Stored data

==============================

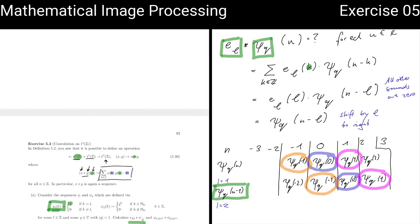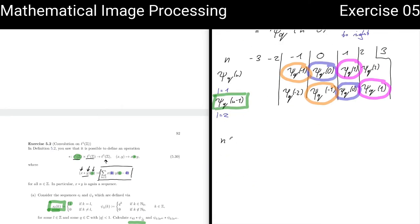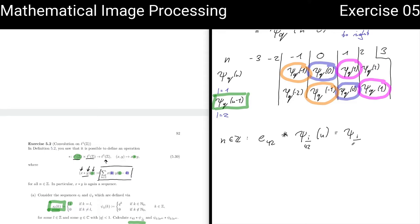Now that we have looked at it from this abstract viewpoint, let us do a concrete example. For n in Z, what is E_42 convoluted with Psi(i/42) at position n? Since convolution with E_L shifts by L to the right 42 times, the result is Psi(i/42) at position n minus 42.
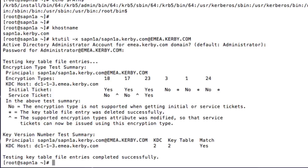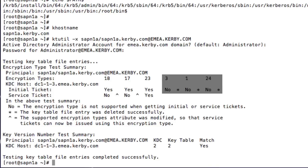At Kirby Corporation, the domain is using Active Directory on Windows Server 2008 R2, so encryption types 3 and 1 (DES) and 24 (exportable RC4) are not supported. These entries are deleted to avoid any issues.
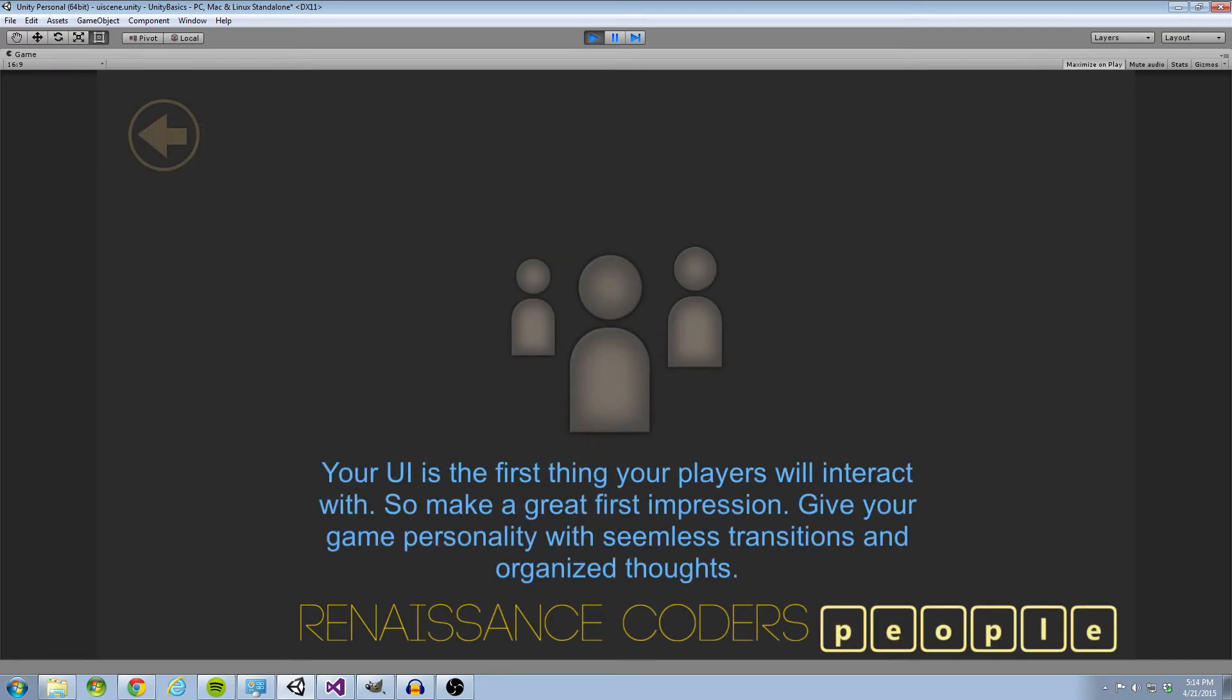Your UI is going to be the first thing your players will interact with, so it's really important that you make a great first impression. Players are going to be skeptical of your game before they even play it if your menu isn't interacting in a way that they would expect.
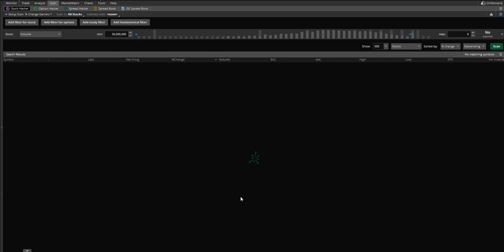So a low float stock is anywhere between, I'd say, up to about 25 million shares. Anything under 25 million shares for a float is considered a low float stock. And over 25 million, we get into the medium range. And over 100 million, we get to higher float stocks.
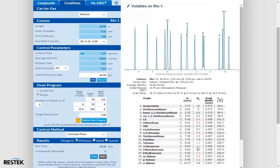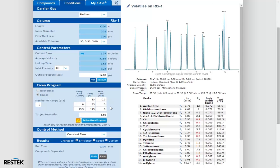The reason is that although the flow rate has changed and the model did update, no changes were made to the oven program by the software. By changing our flow, but not updating our oven program, we changed the elution temperatures of our compounds of interest. In order to get the same optimized separation for the new flow rate, we would need to translate the oven program for our new flow rate. We can do this with ResTech's method translator, but before we do that, let's try something a little easier.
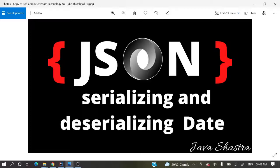Hello guys, welcome to my channel. I am Rajnikan and today's video I am going to discuss how to serialize and deserialize Java dates using Jackson API. I already have a couple of videos with the Jackson API and I will give all those links in the description section. You can watch those videos as well.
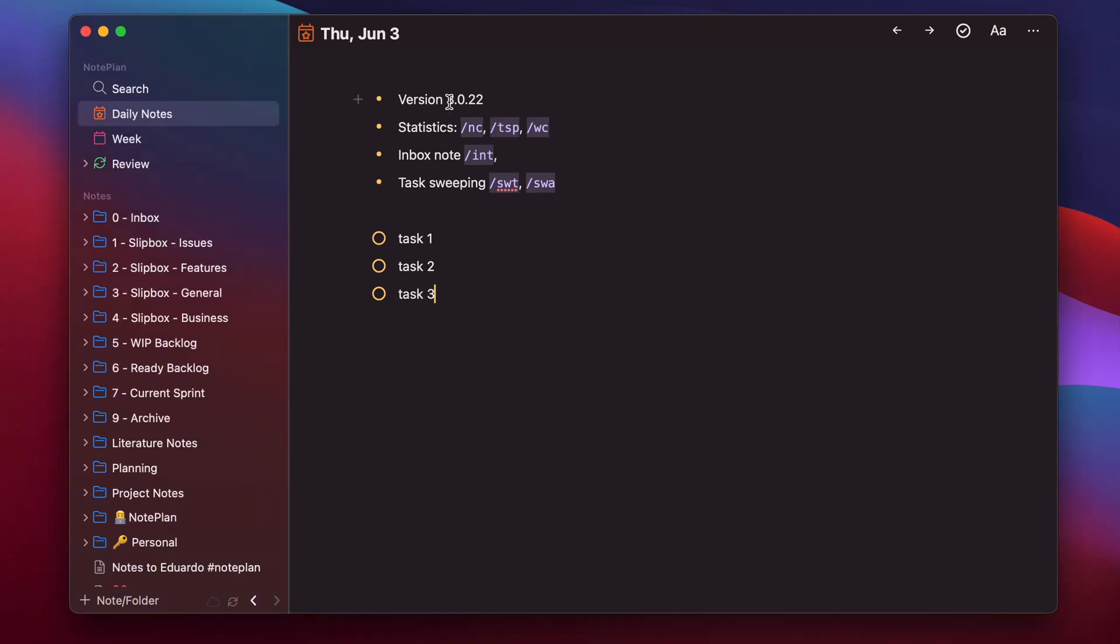Since the last version 3.022, you can download and create your own command bar plugins. In this video, I want to show you a couple of those plugins and how you can create them yourself.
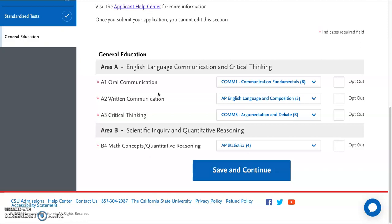If you took any of these classes at a school other than a California community college, it will not automatically select them. So you will need to make sure to select the appropriate classes here. If you're not sure which classes fulfill those requirements, make sure to speak with a counselor and we can confirm that for you.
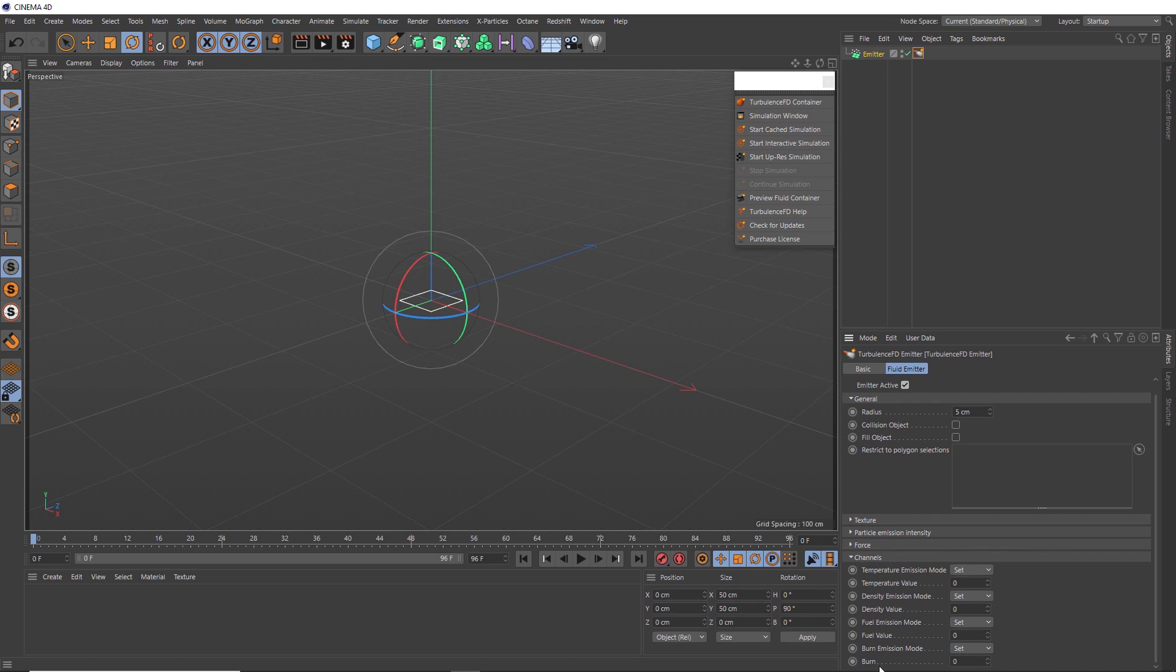This is where we can choose which data is going to be calculated in our fluid simulation. So depending on the kind of effects you're trying to create, whether it be an explosion, fire or smoke. Obviously, we're going for an explosion, and where there's an explosion, there's going to be heat.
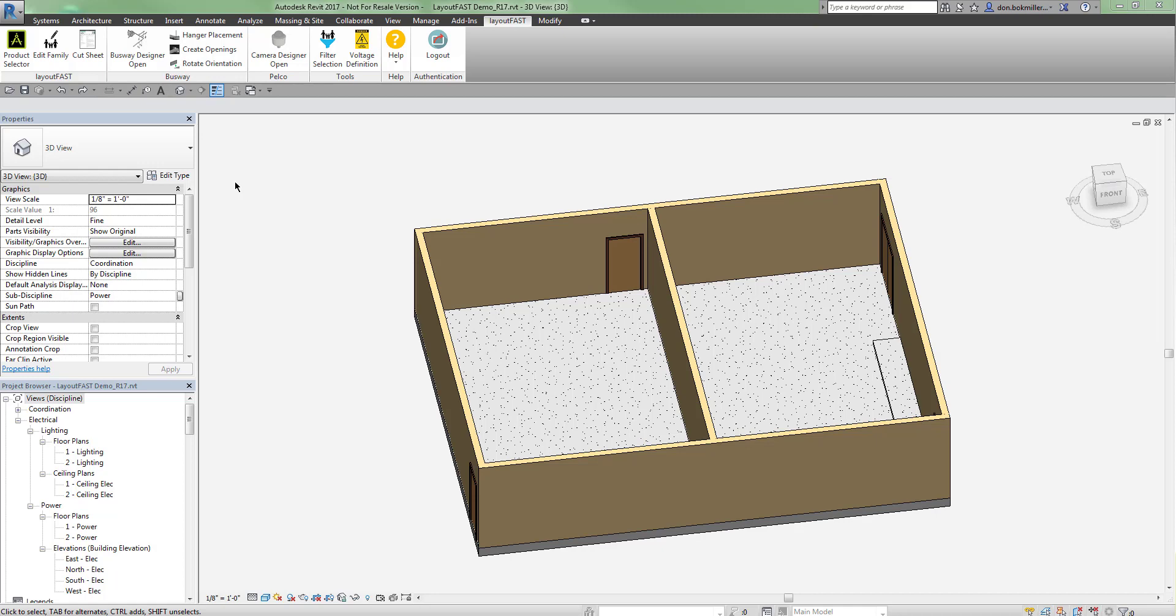Hello, welcome to this LayoutFast Quick Tips video. In this video, I will show how you can quickly place a switchgear or switchboard lineup into a Revit project.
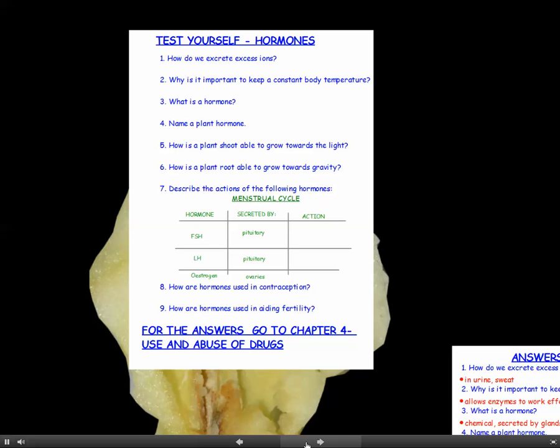That's the end of this chapter. Hopefully you've printed off all the notes, so you can have a go at these questions now. You'll find the answers at the beginning of the next chapter. Good luck.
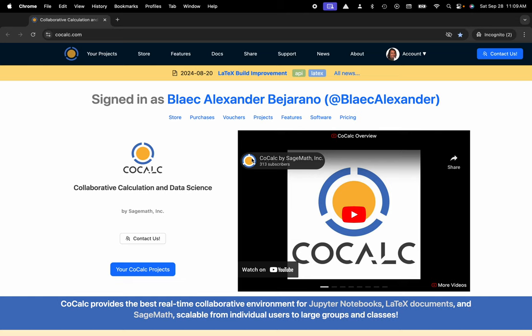Hi everyone, my name is Blake Bejarano and today I'm going to show you how to use the video chat inside of CoCalc's Jupyter Notebook interface.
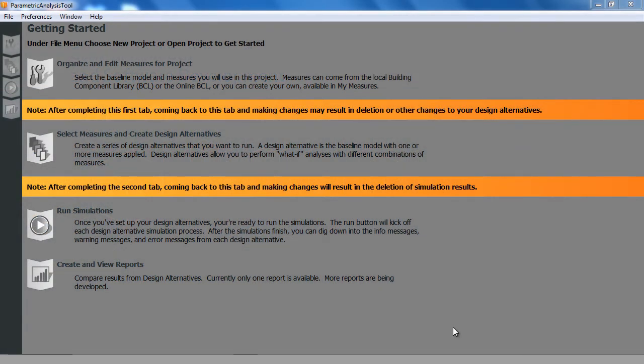In OpenStudio 0.11, a new application called the Parametric Analysis Tool is being introduced, and that's what you're seeing here. The purpose of this is to run parametric analysis on models you made in OpenStudio, either in the SketchUp plugin or the OpenStudio application.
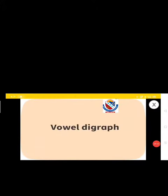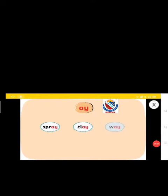Some more examples of the vowel digraph AY are: spray, clay, way, away, hay.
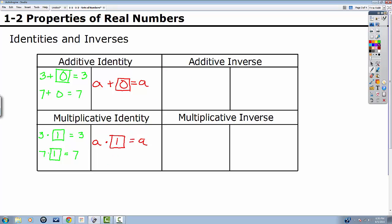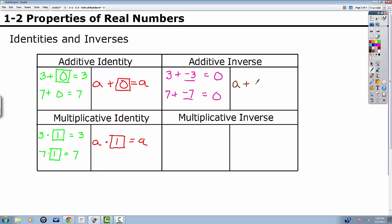The inverse is something where we want to add or multiply to a number so that it becomes the identity. So now I want to add something to three so it equals zero. What can I add to three so that it equals zero? That's negative three. Let's try again: seven plus something equals zero — that's negative seven. So any number A plus the negative of that number equals the identity. The opposite sign is your additive inverse. If I had negative eight, we would add positive eight, because that's the opposite sign.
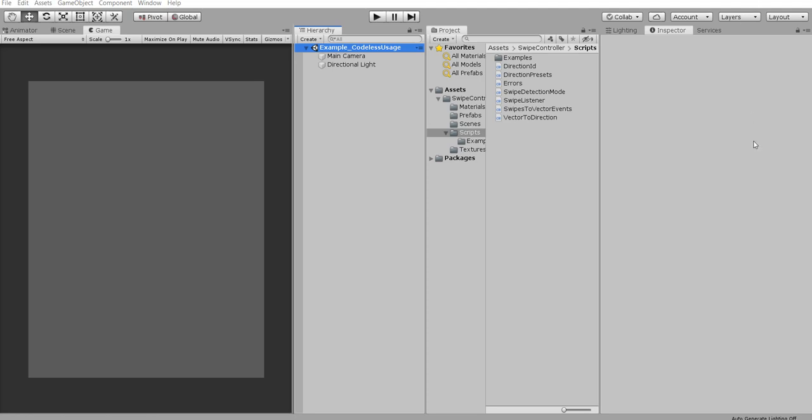Hello everybody. In this tutorial I just want to show you how to easily set up my swipe listener plugin without any line of code. So let's start from this simple scene.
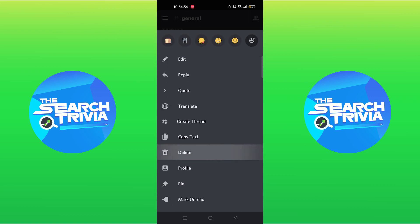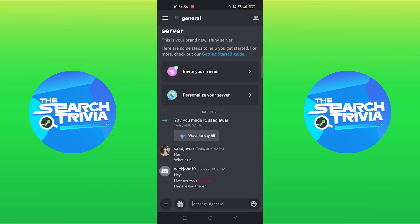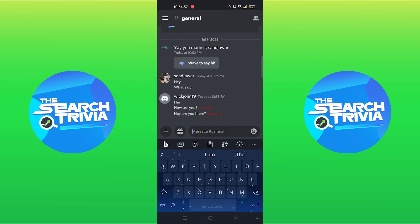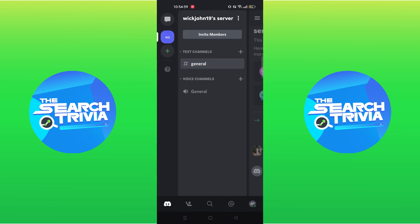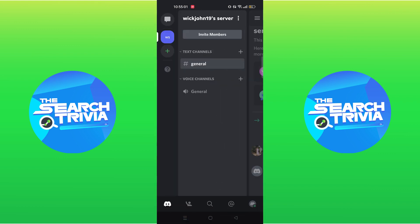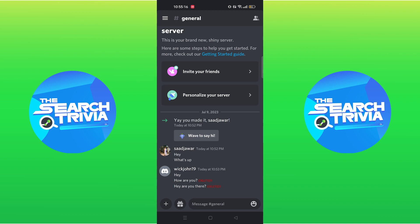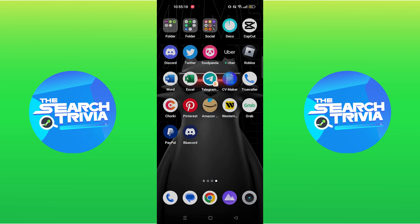Refresh the home page, go into Chats, and see the message you deleted. It shows 'deleted' next to your message. If you got some value, make sure to leave a like and subscribe to the channel. Until next time, goodbye.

==============================

ASSIGNED TASK
No images belong in the copy. Transcribe every record exactly.

ANSWER BELOW
Now that we have looked at it from this abstract viewpoint, let us do a concrete example. For n in Z, what is E_42 convoluted with Psi(i/42) at position n? Since convolution with E_L shifts by L to the right 42 times, the result is Psi(i/42) at position n minus 42.
At Kirby Corporation, the domain is using Active Directory on Windows Server 2008 R2, so encryption types 3 and 1 (DES) and 24 (exportable RC4) are not supported. These entries are deleted to avoid any issues.
Your UI is going to be the first thing your players will interact with, so it's really important that you make a great first impression. Players are going to be skeptical of your game before they even play it if your menu isn't interacting in a way that they would expect.
So a low float stock is anywhere between, I'd say, up to about 25 million shares. Anything under 25 million shares for a float is considered a low float stock. And over 25 million, we get into the medium range. And over 100 million, we get to higher float stocks.
The reason is that although the flow rate has changed and the model did update, no changes were made to the oven program by the software. By changing our flow, but not updating our oven program, we changed the elution temperatures of our compounds of interest. In order to get the same optimized separation for the new flow rate, we would need to translate the oven program for our new flow rate. We can do this with ResTech's method translator, but before we do that, let's try something a little easier.
Hello guys, welcome to my channel. I am Rajnikan and today's video I am going to discuss how to serialize and deserialize Java dates using Jackson API. I already have a couple of videos with the Jackson API and I will give all those links in the description section. You can watch those videos as well.
Since the last version 3.022, you can download and create your own command bar plugins. In this video, I want to show you a couple of those plugins and how you can create them yourself.
If you took any of these classes at a school other than a California community college, it will not automatically select them. So you will need to make sure to select the appropriate classes here. If you're not sure which classes fulfill those requirements, make sure to speak with a counselor and we can confirm that for you.
This is where we can choose which data is going to be calculated in our fluid simulation. So depending on the kind of effects you're trying to create, whether it be an explosion, fire or smoke. Obviously, we're going for an explosion, and where there's an explosion, there's going to be heat.
Hello, welcome to this LayoutFast Quick Tips video. In this video, I will show how you can quickly place a switchgear or switchboard lineup into a Revit project.
That's the end of this chapter. Hopefully you've printed off all the notes, so you can have a go at these questions now. You'll find the answers at the beginning of the next chapter. Good luck.
Hi everyone, my name is Blake Bejarano and today I'm going to show you how to use the video chat inside of CoCalc's Jupyter Notebook interface.
In OpenStudio 0.11, a new application called the Parametric Analysis Tool is being introduced, and that's what you're seeing here. The purpose of this is to run parametric analysis on models you made in OpenStudio, either in the SketchUp plugin or the OpenStudio application.
Some more examples of the vowel digraph AY are: spray, clay, way, away, hay.
The inverse is something where we want to add or multiply to a number so that it becomes the identity. So now I want to add something to three so it equals zero. What can I add to three so that it equals zero? That's negative three. Let's try again: seven plus something equals zero — that's negative seven. So any number A plus the negative of that number equals the identity. The opposite sign is your additive inverse. If I had negative eight, we would add positive eight, because that's the opposite sign.
Hello everybody. In this tutorial I just want to show you how to easily set up my swipe listener plugin without any line of code. So let's start from this simple scene.
Refresh the home page, go into Chats, and see the message you deleted. It shows 'deleted' next to your message. If you got some value, make sure to leave a like and subscribe to the channel. Until next time, goodbye.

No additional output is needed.